32 Colour Combinations Challenge – The Premise
What exactly is this “challenge”? In short, the idea is to build a Commander deck for every colour combination. That means a deck for each mono-colour (including colourless), each Ravnica Guild, each Shard/Tarkir clan, each Nephilim combination, and of course WUBRG (or “five colour”).
The challenge appealed to me on two levels. Firstly, I love brewing for Commander. Building decks is just so much fun, whether it’s “Good Stuff” decks, decks with a theme or even just a sub-theme, something about it is so relaxing.
Secondly, I love the challenge that it provides. From choosing an interesting general for each deck to making them play differently but still enjoyably: there are so many things to think about when building for Commander. I highly recommend you try this out too.
Instead of just building these lists and leaving them to gather dust in my Tappedout folder, I’m writing an article about each one. I’m only about halfway through the decks and have enjoyed it immensely.
These articles aren’t in any particular order, but I hope they spark some inspiration for your own decks (and don’t get too confusing)!
The Slinking Sorcerer
When C19 was first spoiled Kadena, Slinking Sorcerer was not the card that most excited me, but after seeing the deck played out a few times and including some random morphs in my other decks (especially Willbender and Den Protector) I decided, ”Yeah, let’s try it”.
Kadena has two important abilities:
”The first face-down creature you cast each turn costs 3 less to cast”
This ability means the first morph you cast costs 0… but that’s not all. The way it’s worded also includes the first morph I cast on my opponents turns too. With this in mind I stacked the deck with a huge flash package including Vivien, Champion of the Wilds, Teferi, Mage of Zhalfir as well as more popular Vedalken Orrery and Leyline of Anticipation giving me a fairly high chance to be able to cast 4 free morphs every turn cycle within my pod.
”Whenever a face-down creature enters the battlefield under your control draw a card”
Synergising very well with Kadena’s first ability, this means that the first free morph you cast draws you a card. Unlike the first ability this doesn’t just work with your first morph of the turn, so you can cast any number to keep drawing cards.
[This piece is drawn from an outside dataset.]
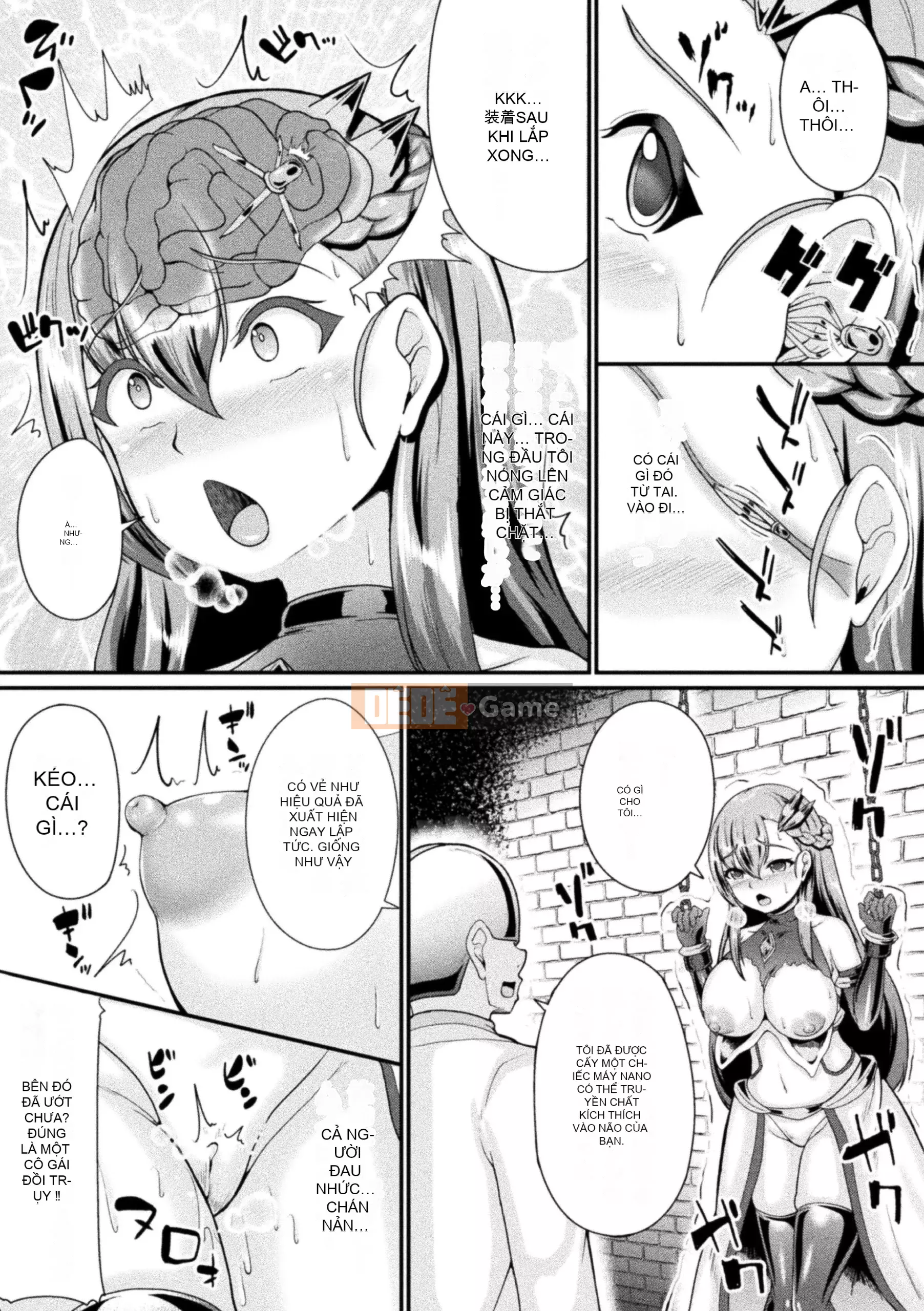 [Hirayama gây sốc] Senotome Sextreme [Kỹ thuật số]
In conjunction with flash-enabling cards, this lets you draw a lot of cards for no mana. If you can keep Kadena in play and then cast Ghastly Conscription you can draw a TON of cards.
The title of this article isn’t just a Power Rangers reference (although it is definitely a terrible Power Rangers reference) but it’s also true about the morphs in my deck. The best thing about playing a control deck is holding up your mana to represent instant-speed interaction but one of the worst things is struggling to close out a game.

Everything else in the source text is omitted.